# Your opinion about performing upgrading on laptops



## sysman (Jun 9, 2010)

Hi all. Really, this is not a problem at all, I was wondering which port/package upgrade behavior keep in my own, due the fact performing regular upgrading (for me, typically ([cmd=]portmaster -a[/cmd]) , therefore no packages..) the entire operation can lasts 2-3 days too. This happen too often and users who have laptop can get it with hassle. I was wondering how much users carry out updating/upgrading via ports, compiling without any packages. Another issue (or non-issue) is performing upgrading needed by X env, most cases user has to drop in to console and not using xsession anymore get you far from normal working, such as internet surfing, mailing and so on. What's your opinion about this points?

Thanks
SYS


----------



## SirDice (Jun 9, 2010)

Use a build server to build your own packages. After that it's only 20 minutes to do a full update.


----------



## sysman (Jun 9, 2010)

set a server on is not toppest solution tough, then will be packages that won't suit on my laptop, starting or building from a server machine. If my laptop needs some features (and server does not), I will be same situation as above written, I guess there will be some ports/packages inconsistency or something else... may be I get wrong, but it's my impression. Unlikely, if I decide to upgrade only via packages, the risks are packages outdated (how much outdated then?) but high speed upgr operations, something similar to debian-apt upgrading procedures.

SYS


----------



## graudeejs (Jun 9, 2010)

he means build jail on server that will compile packages especially for laptop, then install these packages on laptop.


----------



## sysman (Jun 9, 2010)

indeed, so you, to upgrade your laptop you have to setup a server, jailed env or similar... I dont guess this is suitable for most users though, I repeat. So, any other nicer/smart solutions?


----------



## DutchDaemon (Jun 9, 2010)

Get a bigger laptop. I have 700 ports installed, and with a reasonable CPU and some daily/weekly effort, it's not that much work. Or use the -P flag to portupgrade and make it use packages when these are available. This will only work if you don't update ports too frequently, because packages lag behind ports by a few weeks.


----------



## SirDice (Jun 9, 2010)

sysman said:
			
		

> set a server on is not toppest solution tough, then will be packages that won't suit on my laptop, starting or building from a server machine. If my laptop needs some features (and server does not), I will be same situation as above written, I guess there will be some ports/packages inconsistency or something else... may be I get wrong, but it's my impression.

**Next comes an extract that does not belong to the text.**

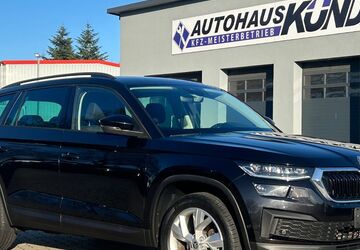 Skoda Kodiaq 99.268 km 26.980 &euro; Neumünster 24537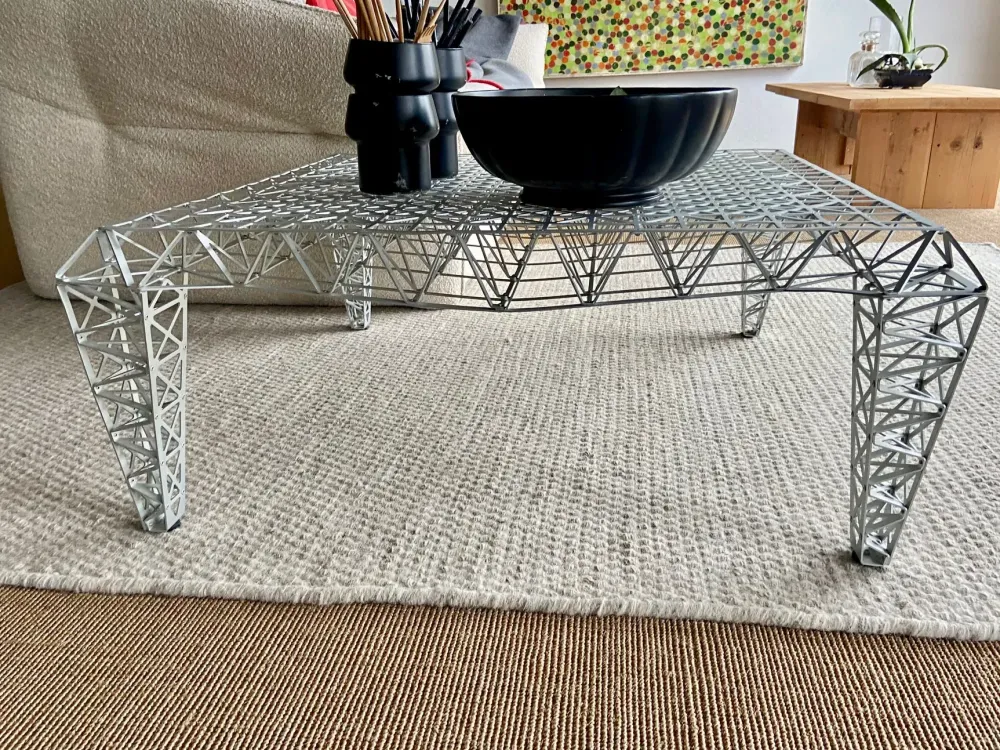 Ycami Tavolino design coffe table origami di a prezzo ribassato- Tavolini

That's why I usually do 2 build runs. One using a server 'profile' (WITHOUT_X11 mainly) and one using a desktop 'profile'. Options are turned on/off accordingly. Packages are saved to different (exported) trees. Takes a bit of time to get everything done but once building is done the way I want I can install those packages on numerous other machines. I 'upgrade' those by doing *pkg_delete -a* and pkg_add'ing everything I need. That last step is quick and painless with minimal downtime. The only thing still missing on my network is a proper jumpstart server.


----------



## sysman (Jun 10, 2010)

indeed, using "packages" when possibile during upgrades help you considerably, hoping there aren't version misalignments between ports/sources and available packages.
Laptop. Yes, having huge and powerful laptop is best as well, in my case I've a proud (and brave ï¿½jr) netbook Atom N280 that works well, but processor speed/power is not definitely the top.
Today, after 3days of compilation and installing (new GETTEXT caused to reinstalling/upgrading a lot of ports that depend on it) I have my netbook perfeclty working now, but I'm afraid thinking to reschedule next upgrading... :\

SYS


----------